088: Job Passion, Proficiency, and Profitability
Job Passion, Proficiency, and Profitability
There are three basic needs that every person has in order for their job to be fulfilling. Of course, you probably have additional ones, but I want to focus on these three basics in today’s episode.
A job MUST provide you with an outlet for your passion, require sufficient proficiency to perform the job well, and compensate you sufficiently to be profitable.
Let’s break these down.
You MUST be engaged with the work you do for it to be fulfilling. You have motivated skills – those tasks you love to do and are very good at – that are non-negotiables. They MUST be present for your work to be fulfilling.
You may be passionate about the product or service your company sells, the company itself and what it stands for, your role in the company.
You could ask 100 people who say they are passionate about their jobs, and you’ll likely get about 100 responses to the question “What are you passionate about?” It varies depending on the job, the person, and the environment.
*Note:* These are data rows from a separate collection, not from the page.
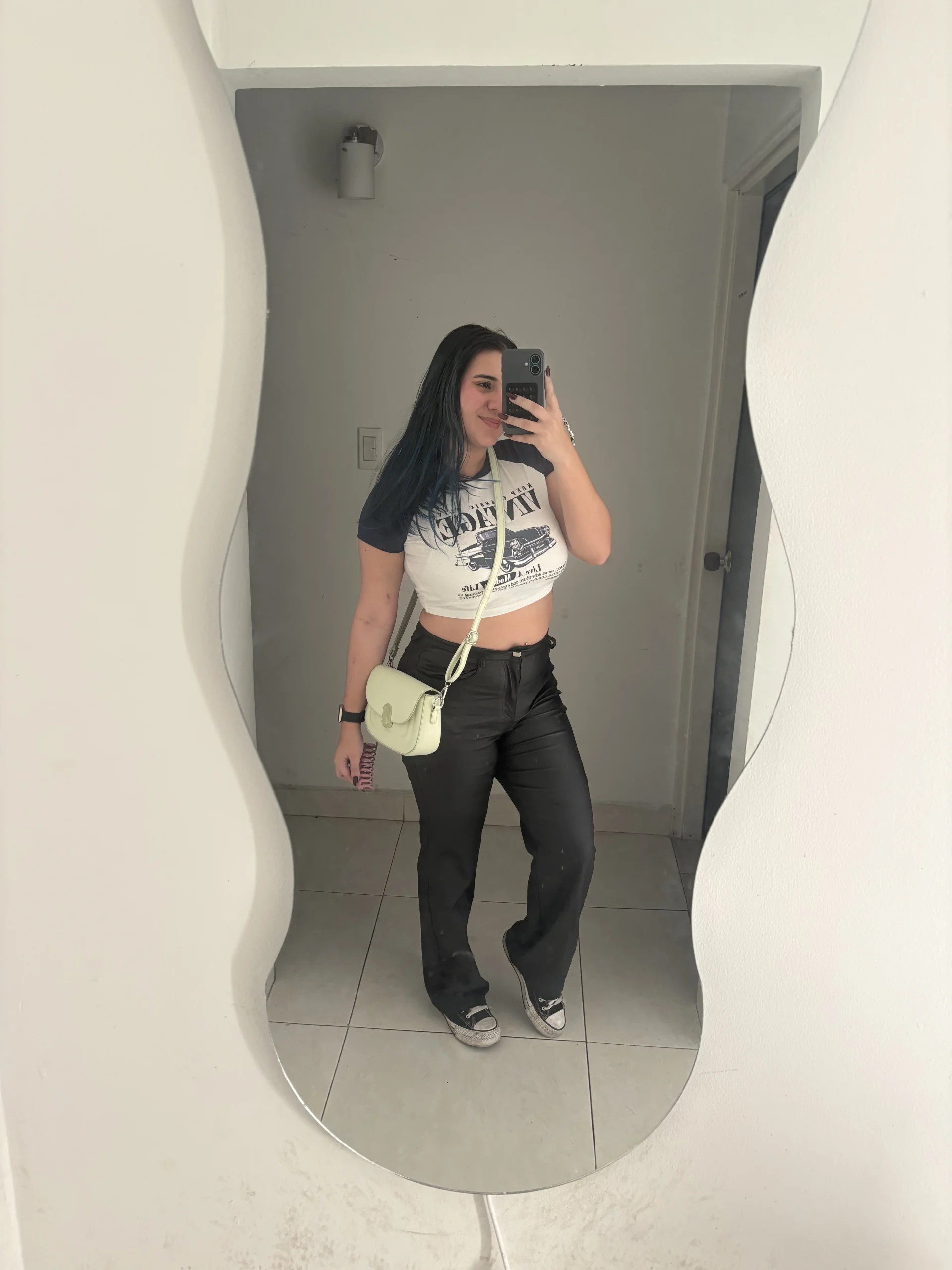 XXX Porn Photo of Nude Lana_Herondale 30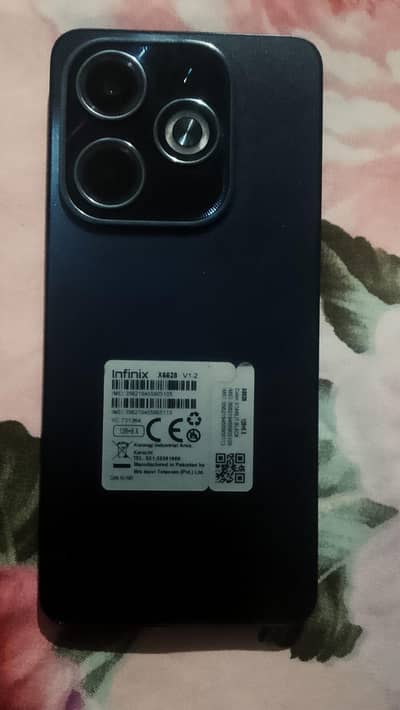 mobile for sale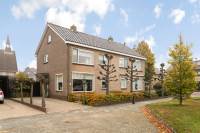Woning Schoolweg 17 Elst (UT)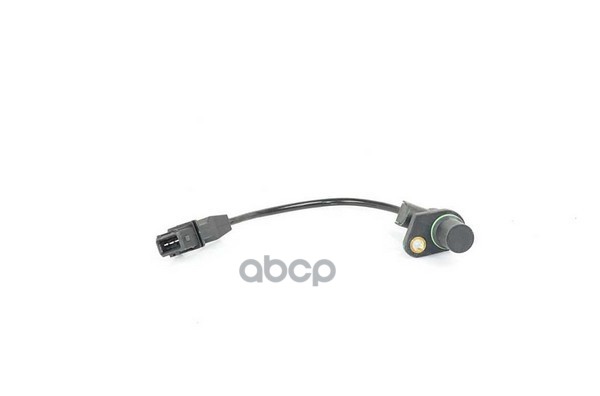 Датчик положения коленвала BSG AUTO PARTS арт. bsg40-840-007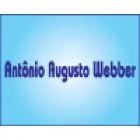 ANTÔNIO AUGUSTO WEBBER
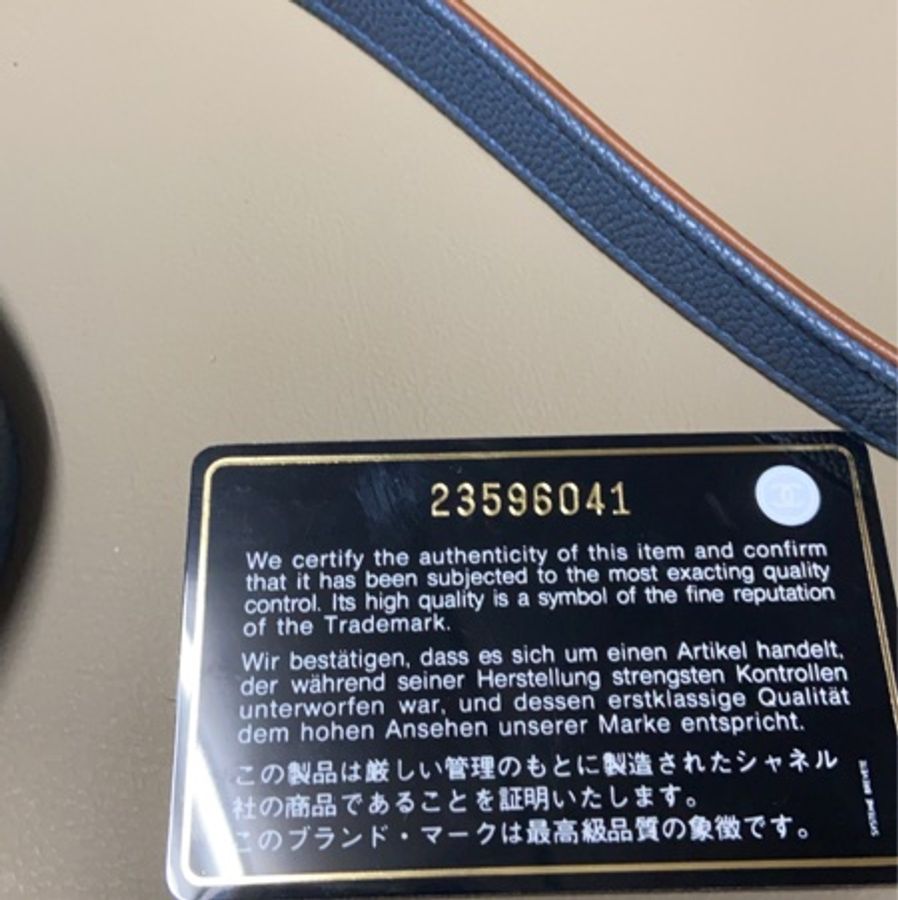 包身都保持良好,只是鏈條有點使用痕跡-23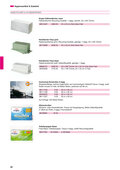 Centramed Pflegebedarf Katalog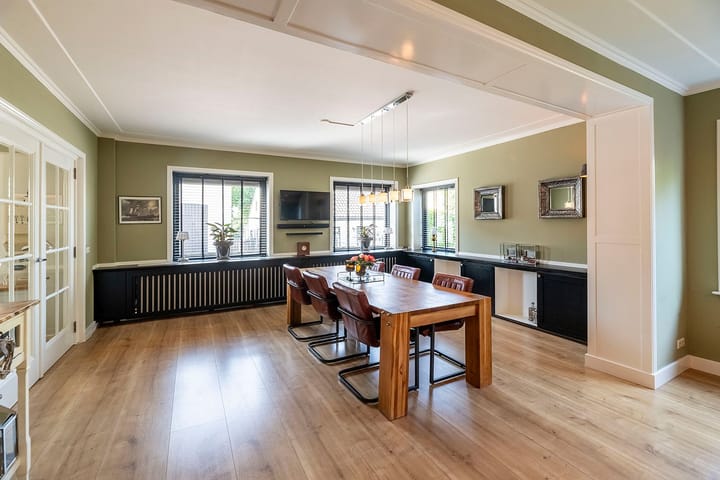 Foto 28 van Voordijk 372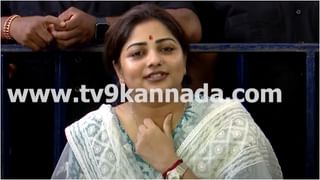 ಬಳ್ಳಾರಿ ಗಡಿ ಭಾಗದ ದೇವರಗುಡ್ಡ ಜಾತ್ರೆಯಲ್ಲಿ ದೊಣ್ಣೆಗಳಿಂದ ಬಡಿದಾಡುವ ವಿಶಿಷ್ಟ ಸಂಪ್ರದಾಯ: ಹೊಡೆದಾಟದಲ್ಲಿ ಇಬ್ಬರು ಸಾವು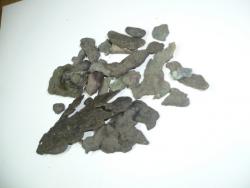 post-23116-0-64627500-1368287447_thumb.j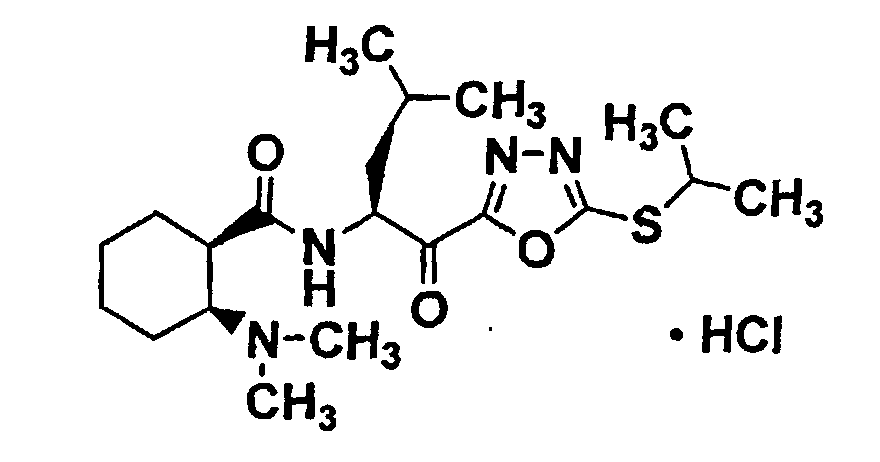 Figure 03540001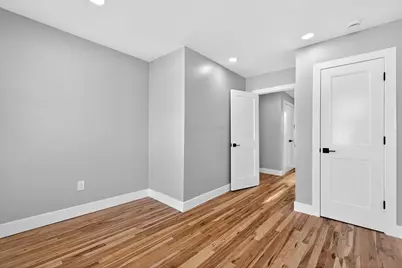 22 West 10th St, Bayonne, NJ 07002 - Photo 21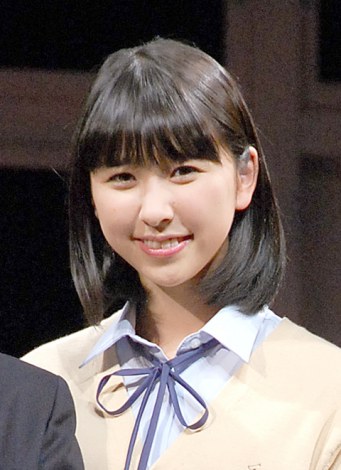 美人だなと思う女優さん！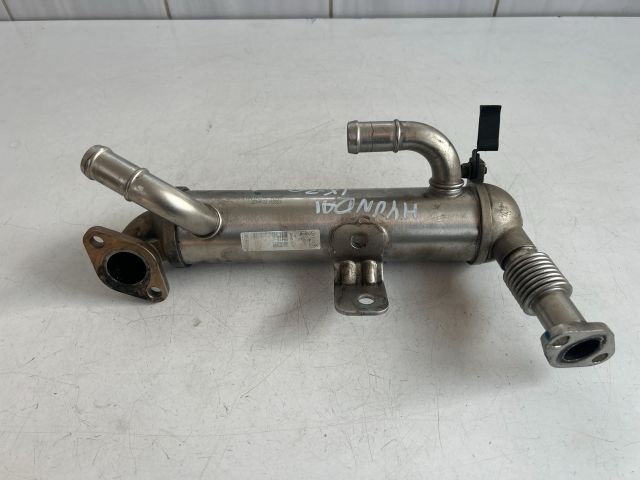 bontott HYUNDAI ix20 EGR Hűtő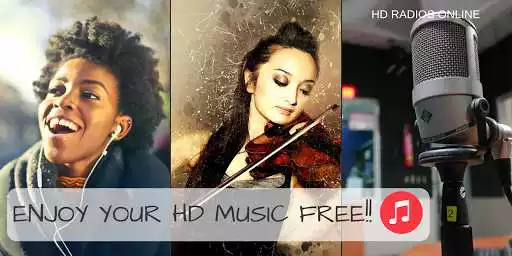 Play Radio 96.5 Fm New York Stations Free Live Music HD  and enjoy Radio 96.5 Fm New York Stations Free Live Music HD with UptoPlay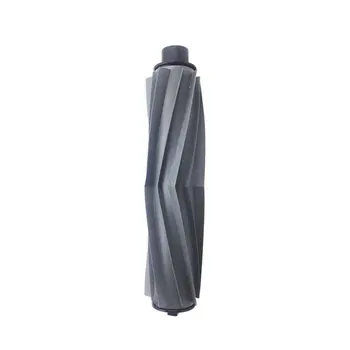 Vacuum Cleaning Tools Vacuum Cleaner Brush Washable Padded Filters Slide Brush Household Vacuum Clean Accessory
Vacuum Cleaning Tools Vacuum Cleaner Brush Washable Padded Filters Slide Brush Household Vacuum Clean Accessory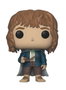 Funko POP! Pippin Took - Le Seigneur des Anneaux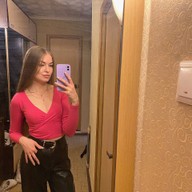 Дарья, 25 лет, Санкт-Петербург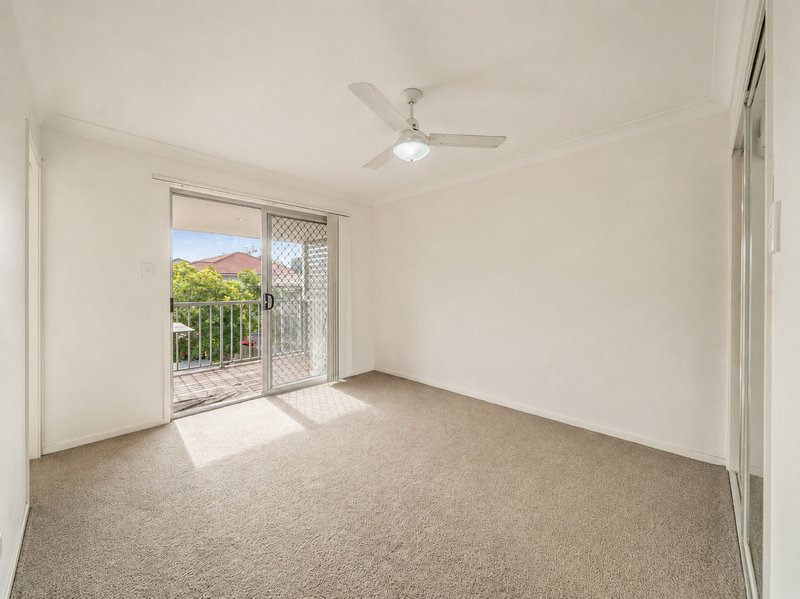 Photo - 35/1 Archer Close, North Lakes QLD 4509 - Image 9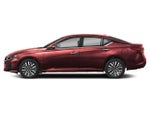 2023 Nissan Altima 2.5 SV AWD Sedan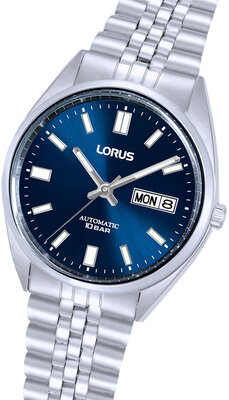 Lorus RL429CX9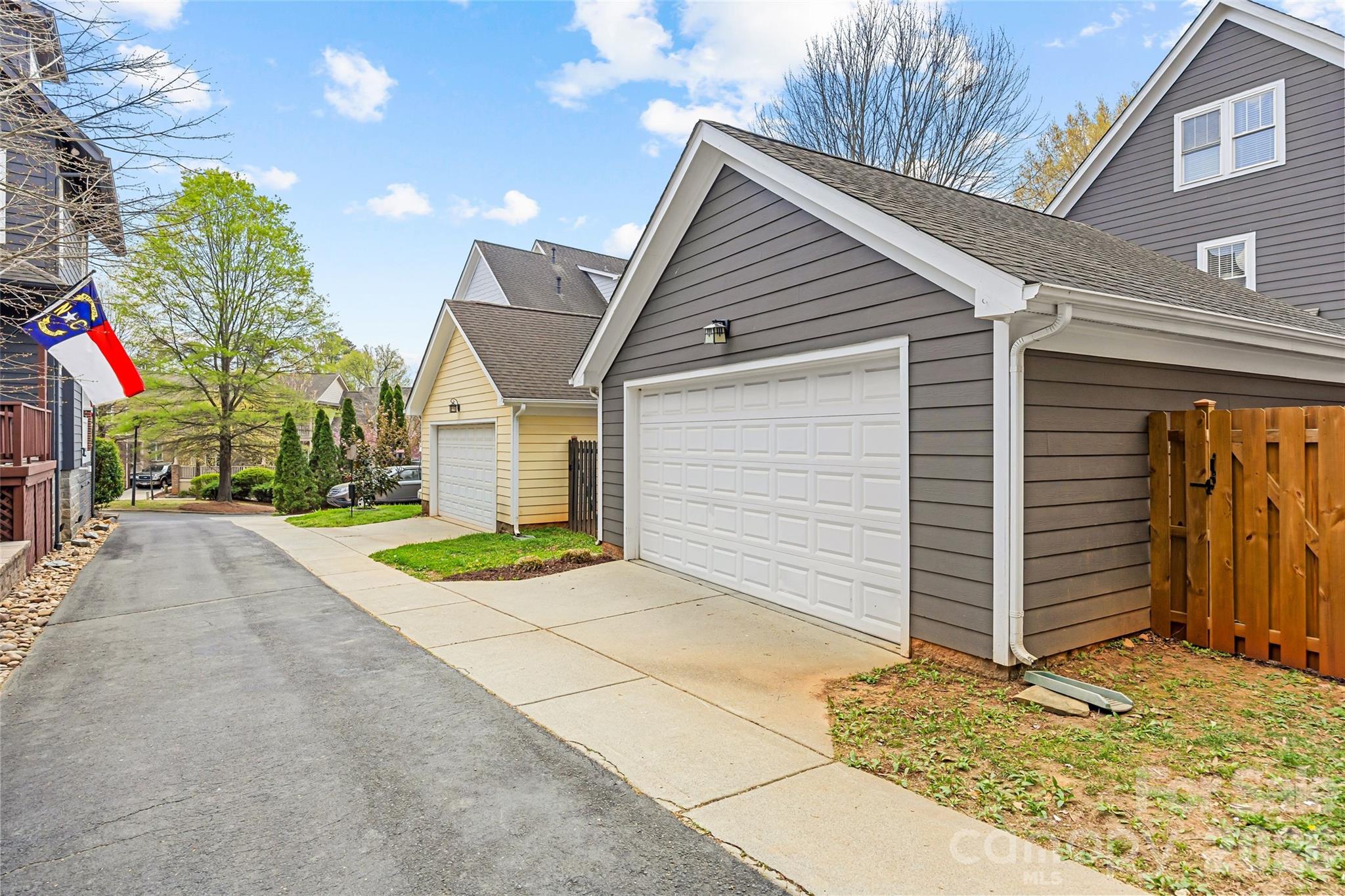 1558 Tippah Park Court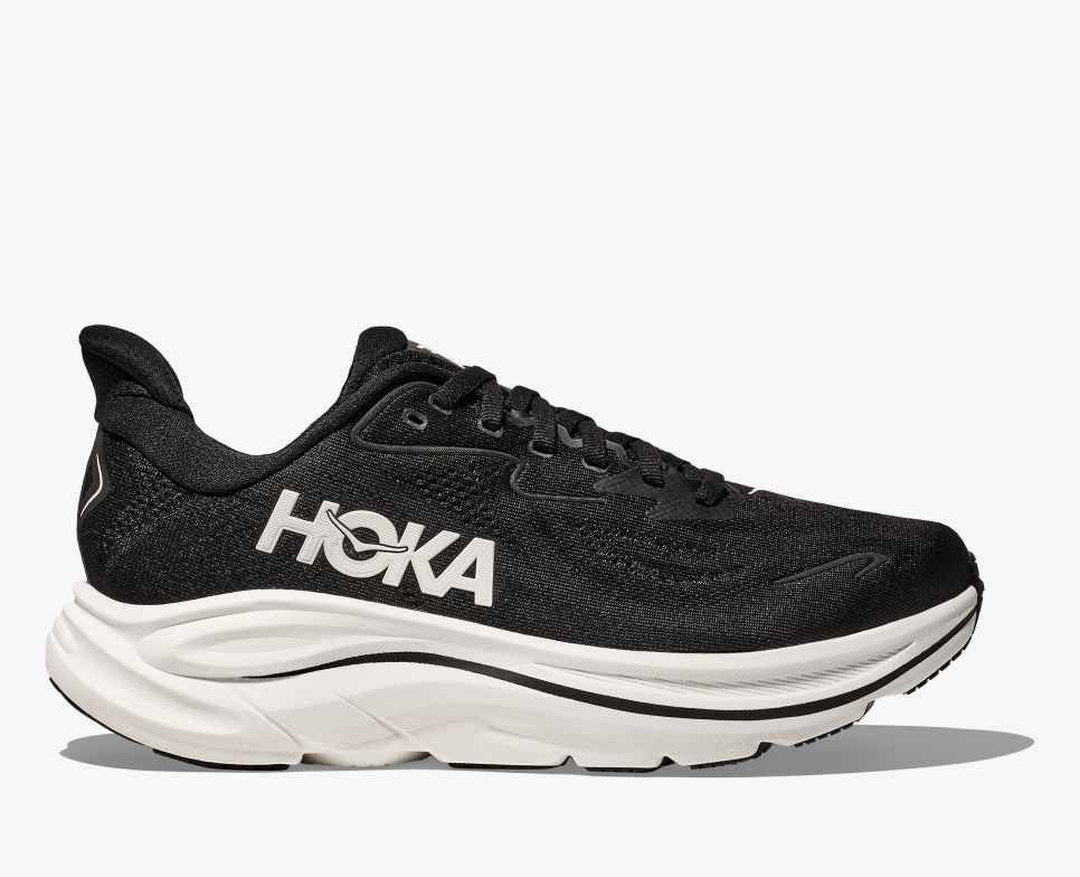 Hoka > Clifton 10 Women Shoes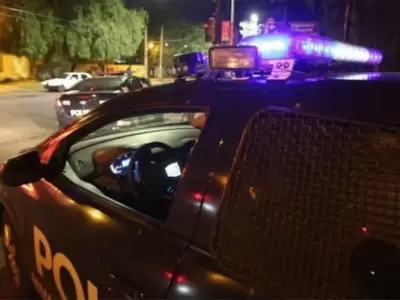 1628471608530policia-jpg.
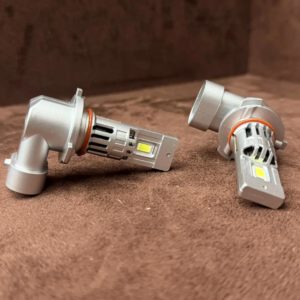 Optima LED QVANT 2.0 HB3/HB4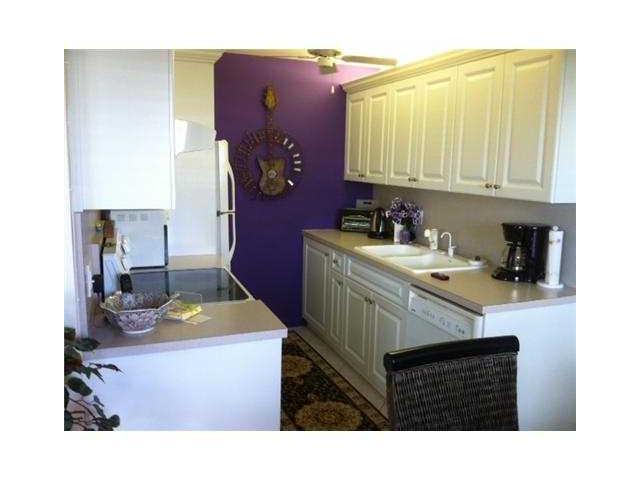 3031 Exeter East, Unit 3031 Boca Raton, FL 33434 - Photo 7 of 26 Additional Photo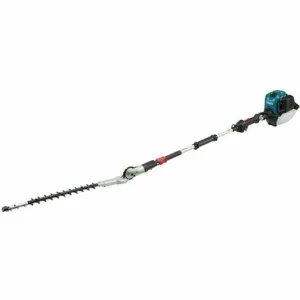Makita EN4951SH, 770 W, 127 V, No Color, One Size 9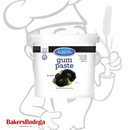 Satin Ice® Gum Paste - 2LB - BakersBodega – Baking & Cake Decorating Supplies SupeStore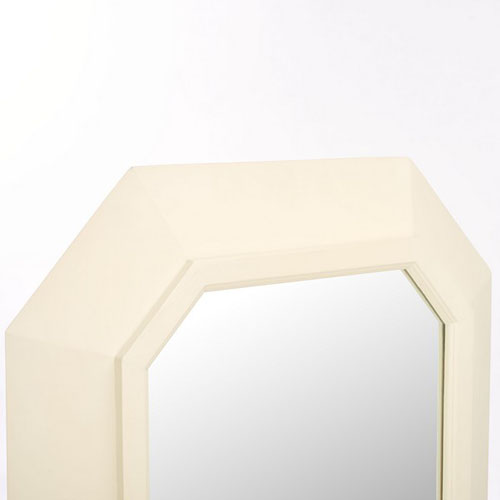 MRR9009A-DETAIL
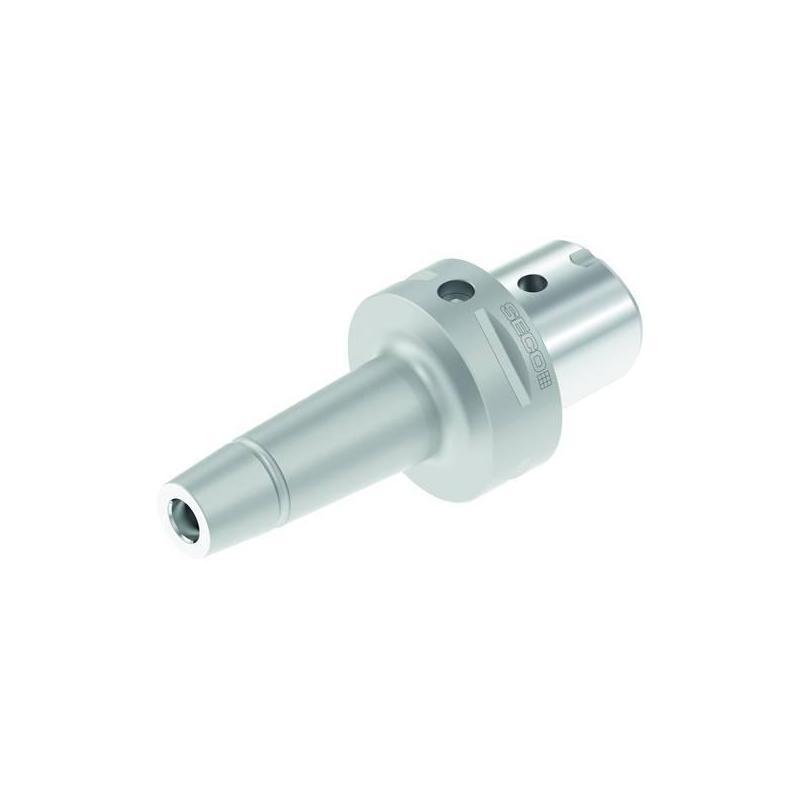 C5-391.5820-12050 Upínač Seco-Capto  • Vtools.cz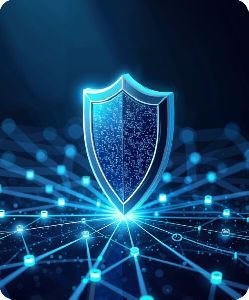 Cyber Security Service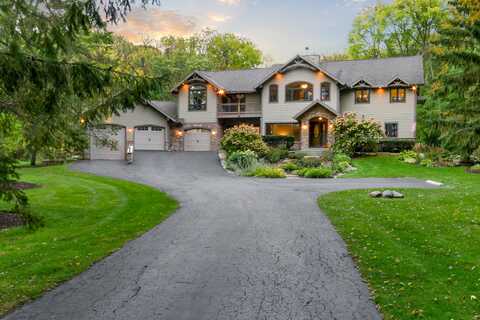 Walden, LAKE GENEVA, WI 53147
The bottom line: we as a human species seek passion in the work we do.
Humans have a basic need to feel proficient in the work they do. Whether they are filling totes with drugs to go off to a CVS, planning a fund-raising campaign for the local YMCA, or teaching young people to read, humans can only truly enjoy jobs in which they have at least a base level of proficiency.
Proficiency is a moving target, in that the level of proficiency expected of you on day one of a new job is very different from the level of proficiency expected of you in year two.
If you don’t know how to effectively execute the duties of the job to which you are assigned, frustration will be inevitable.
Most often, a lack of proficiency isn’t universal – you aren’t struggling with everything – but rather topical. You might have been promoted into a managerial role, for example, with no training or experience in managing people. You lack proficiency in this area of your new job.
We most often think of profitability in terms of owning our own business. We brought in $X, $X went out, and what is left is considered profit.
However, profitability also applies to employment. Your paycheck is $X, your living expenses are $X, and what is left is your profit.
You put your job title (or aspirational title), level of experience and education, and geographic location into the blender and out comes a reasonable expectation of income.
Does that number allow you to live in a reasonable amount of comfort? This, of course, varies widely by individual. Will you be paying off high student loan debt? Living in a high cost-of-living city? Buying a new car?
I teach my clients to go into salary negotiations with three numbers: Their ideal salary (be realistic), their walkaway number (they won’t take the job at anything less than this number), and their starting number (if they are asked to throw out the first number, where do they need to start to end up at their ideal salary?)
You can also get creative about how to make your job more profitable. Seeking roommates and ride sharing instead of purchasing a vehicle are just two ways to reducing your cost of living so that your job is more profitable.
So what happens when one of these ingredients is missing?
Passion + Proficiency – Profitability = HOBBY
If you’re loving the work and are very good at it, but the mathematical equation leaves you consistently in the red, you have a hobby.
I see this with entrepreneurs who say they have a business but aren’t making any money. They have a hobby.
## Proficiency + Profitability – Passion = BOREDOM
I see this one a lot with the more experienced clients who come to me. They’re very good at what they do and are making a good living, but they have lost (or never had) passion for the work. They are antsy to find something that will reignite their passion.
Passion can be a moving target, in that you are allowed to have shifting passions. Also, something you once found passion for is no longer “enough” – you need a new challenge to become passionate about.
Passion + Profitability – Proficiency = FAILURE
You simply can’t do the job you were hired to do. Maybe you’ve been promoted in the company because you were great at making widgets, but you truly suck at managing the widget makers.
Sometimes you can train for your lack of proficiency, if…of course…you identify that you have a lack of proficiency. Or someone else, such as your boss, brings it to your attention.
I also see this with entrepreneurs, whose lack of proficiency in a certain area of business eventually catches up with them. They don’t know how to run a business, they don’t know how to market themselves or their business, or they don’t know how to ask for the sale.
So look for jobs that ignite your passion, for which you have the necessary proficiency, and that are suitably profitable. If you are in a situation now that is missing one of these ingredients, get busy solving the problem before it is “solved” for you with termination, mounting financial troubles, or a desire to pull the covers up over your head when the alarm goes off in the morning.